MATEMATİK NEDİR?
TDK Matematik Terimleri Sözlüğünde matematiğin tanımı şöyle verilmektedir:
“Biçim sayı ve çoklukların yapılarını, özelliklerini ve aralarındaki ilişkileri usbilim yoluyla inceleyen ve sayı bilgisi, cebir, uzam bilgisi gibi dallara ayrılan bilim”.
Yerli ve yabancı başka pek çok sözlük ve ansiklopedinin de benzer tanımı yaptıklarını görüyoruz. Ancak, konu matematik öğretiminin niteliğini saptamaya gelince, bu tanımların yetmediğini görüyoruz. Matematiğin, bireyi ve toplumu hangi işlevleriyle nasıl etkilediğini bilmek gereğini duyuyoruz.
Matematik dil, ırk, din ve ülke tanımadan uygarlıklardan uygarlıklara zenginleşerek geçen sağlam, kullanışlı ve evrensel bir dil, bir ekindir. Birey için, toplum için, bilim için, teknoloji için vazgeçilmez değerdedir. Yayılma alanına ve derinliğine sınır konamayan bir bilimdir, bir sanattır.
Hiçbir din, hiçbir dil, böylesine kalıcı ve etkin olamamıştır.
Matematiğin somut varlıklarından ve fiziksel olaylardan arınıp soyutlanabilmesi özelliği, aynı zamanda, onun, insanların ortak düşünme aracı olmasını; yani evrensel bir olmasını ve durmaksızın gelişmesini sağlamıştır.
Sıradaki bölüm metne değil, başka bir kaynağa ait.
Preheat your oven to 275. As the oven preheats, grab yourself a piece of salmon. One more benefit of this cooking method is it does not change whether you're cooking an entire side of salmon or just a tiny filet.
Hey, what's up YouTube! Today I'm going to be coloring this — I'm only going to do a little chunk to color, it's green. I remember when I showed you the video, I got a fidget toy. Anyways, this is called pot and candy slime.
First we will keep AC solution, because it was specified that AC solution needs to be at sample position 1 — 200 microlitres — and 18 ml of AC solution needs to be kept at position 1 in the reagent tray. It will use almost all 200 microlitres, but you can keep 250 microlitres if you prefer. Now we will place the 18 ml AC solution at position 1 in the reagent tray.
Matematiğin ilgi alanı sınırlanamaz. Kişiyi günlük yaşamında etkileyen basit olgulardan başlayıp, evrenin yapısına kadar giden düşüncelerin hepsinde matematik vardır.
Ona verilebilecek nitelikler de pek çoktur. İnsanlığın ortak düşünme aracıdır, evrensel dildir, bilimdir, sanattır… O, insan aklının güzelliğini ve yüceliğini gösteren yetkin bir yapıttır.
MATEMATİĞİ NEDEN ÖĞRETİYORUZ?
Her ülkede, her düzeydeki okulda matematik öğretiminin gerekliliği hemen hemen tartışılmaz bir kanı olarak yerleşmiştir. Hatta denilebilir ki bir ulusun eğitim dizgesinde matematiğe ayrılan yer, o ulusun kendi dilini öğretmek için ayrılan yere eşdeğerdir. Bundan da öte, öğrencilerin matematikteki başarı düzeyinin, öteki derslerde gösterdikleri başarıdan daha belirleyici rol oynadığı kanısı, toplumun her kesiminde yaygındır. O halde, matematik öğretiminin neden gerekli olduğunun herkes tarafından iyice bilindiği varsayılabilir.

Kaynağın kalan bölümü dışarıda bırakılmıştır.